Metaphor and its Role in Social Thought: History of the Concept Metaphor has resisted any wide agreement as concept, yet the last few decades have witnessed a burgeoning of work and interest in metaphor and its related tropes. The many attempts to theorize metaphor have included, inter alia, characterizations of metaphor as ‘comparison,’ as ‘without meaning,’ as ‘anomaly,’ ‘speech act,’ ‘loose talk,’ ‘interaction,’ and ‘intentional category mistakes.’ These attempts have had the form of trying to assimilate metaphor under a previously existing understanding of language—a move that is itself metaphorical. This resistance to conceptualizing suggests that it might be more helpful to consider metaphor in terms of its uses.

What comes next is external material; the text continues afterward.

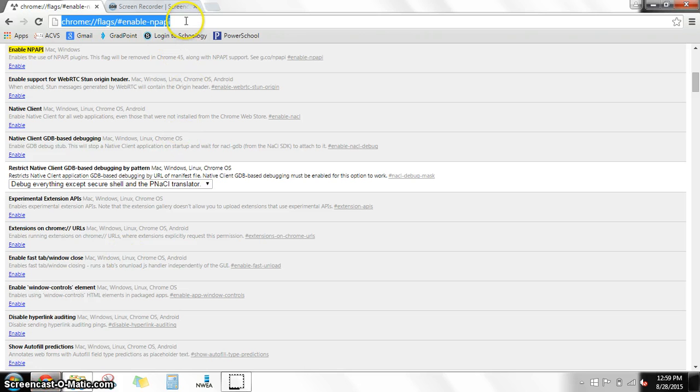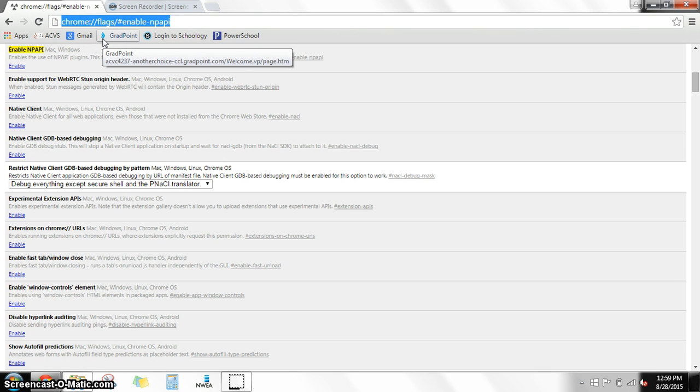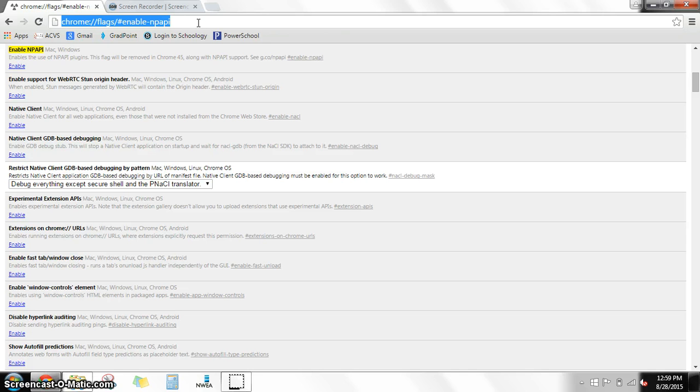And then you're going to go ahead and up in the address bar I want you to type this in. And it's going to be Chrome colon forward slash forward slash flags forward slash pound enable hyphen NPAPI. So that's kind of a big link. I'll see if I can't put it in the comments of the video as a link so that you can just click on it.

1. Aristotle For most of its life metaphor has had its home in rhetoric, and it has been to Aristotle that writers have usually turned for the earliest considerations. He understood it as ‘giving a thing a name that belongs to something else,’ and thought that ‘the greatest thing by far is to have a command of metaphor.’ Not all writers have heeded the contexts within which Aristotle wrote. His teacher, Plato, had sufficient doubts about the value of metaphor that he barred poets from his Republic. Aristotle, by contrast, found uses for metaphor, not only in politics where rhetoric enabled a man to be heard effectively in public, but also in law, where juries were suspicious of evidence that could be faked, and witnesses who could be bribed. They were, rather, influenced by arguments turning around a balance of probabilities, providing an important context for rhetoric. Aristotle cannot easily be read as limiting metaphor to the realm of ornament, or efficiency of utterance: he sees clear cognitive uses: … strange words simply puzzle us; ordinary words convey only we what we know already; it is from metaphor that we can best get hold of new ideas (1984 Rhetoric, lll,1410b).
We may suppose that Aristotle’s description of metaphor as giving something a name which belongs to something else, detailed as: ‘the transference being either from genus to species, or from species to genus, or from species to species, or on grounds of analogy’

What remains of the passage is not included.